In the preceding article, we left our friend, George, the novice charismatic whose excited testimony ran into a wall of biblical-sounding arguments from his pastor, a cessationist.1 This article offered a kind of pocket guide of “pro” charismatic arguments which George (or you, gentle reader) can photocopy and send to your cessationist friends for comment. We now offer George some responses to a couple of prominent arguments he is likely to hear from his cessationist pastor and others like him.
The most thorough catalog of cessationist arguments—and answers—appears in these pages in Wayne Grudem’s four-part article, a reprint of chapter 2 in an excellent book by Gary Greig and Kevin Springer, editors of The Kingdom and the Power: Are Healing and the Spiritual Gifts Used by Jesus and the Apostles and the Early Church Meant for the Church Today? published by Regal Books in 1993.
This present article seeks to supplement that chapter with answers to two prominent objections to continuing spiritual gifts: 1) “History shows that miraculous spiritual gifts have ceased,” or, in a variation of that objection: “If miracles and spiritual gifts have continued, then why don’t we see them as widespread and obvious today as in New Testament times?” 2) “Ephesians 2:20 shows that the ‘foundational gifts’ of apostle and prophet have ceased.” In my experience, these are two of the most common cessationist arguments in use today which are worth examining.
1. “History shows that miraculous spiritual gifts have ceased.”
Following Benjamin Warfield’s classic cessationist work, Counterfeit Miracles published in 1918, many today appeal to history to show the cessation of miraculous gifts. Warfield insisted that his book stood on “two legs”: biblical and historical proofs. But his “legs” were grossly disproportional: probably 97% of his book stood on the historical leg, while his biblical arguments were haphazardly scattered through his pages, responding only to the biblical arguments of his opponents.

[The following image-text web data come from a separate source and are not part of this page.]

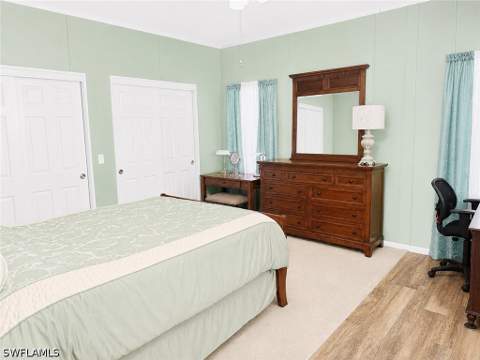 20472 Luettich Ln, Estero FL - photo 15 of 25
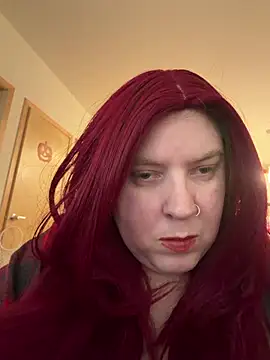 Czat XXX na żywo – Sexy_Little_SlutAriel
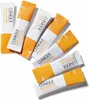 Clinique Fresh Pressed Renewing Powder Cleanser with Pure Produktbild-Vorschau 8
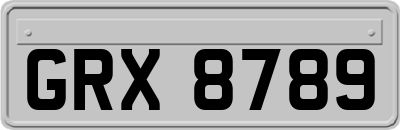 GRX8789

Older Pentecostals and charismatics find this odd, since our critics have often said that we base our “theology” on “experience” rather than on the word of God. Yet an appeal to “history” is actually an appeal to “experiences”—at least to those in the past. These days, the shoe is very much on the other foot: cessationists increasingly appeal to “experience” (history) while charismatics, like Jack Deere, Gordon Fee, Wayne Grudem, Gary Greig, Max Turner and John Wimber are building increasingly sophisticated biblical arguments.2
The cessationists’ ad hominum argument does not deal with the issue: according to Scripture, are charismatic manifestations a normative part of the Christian life today?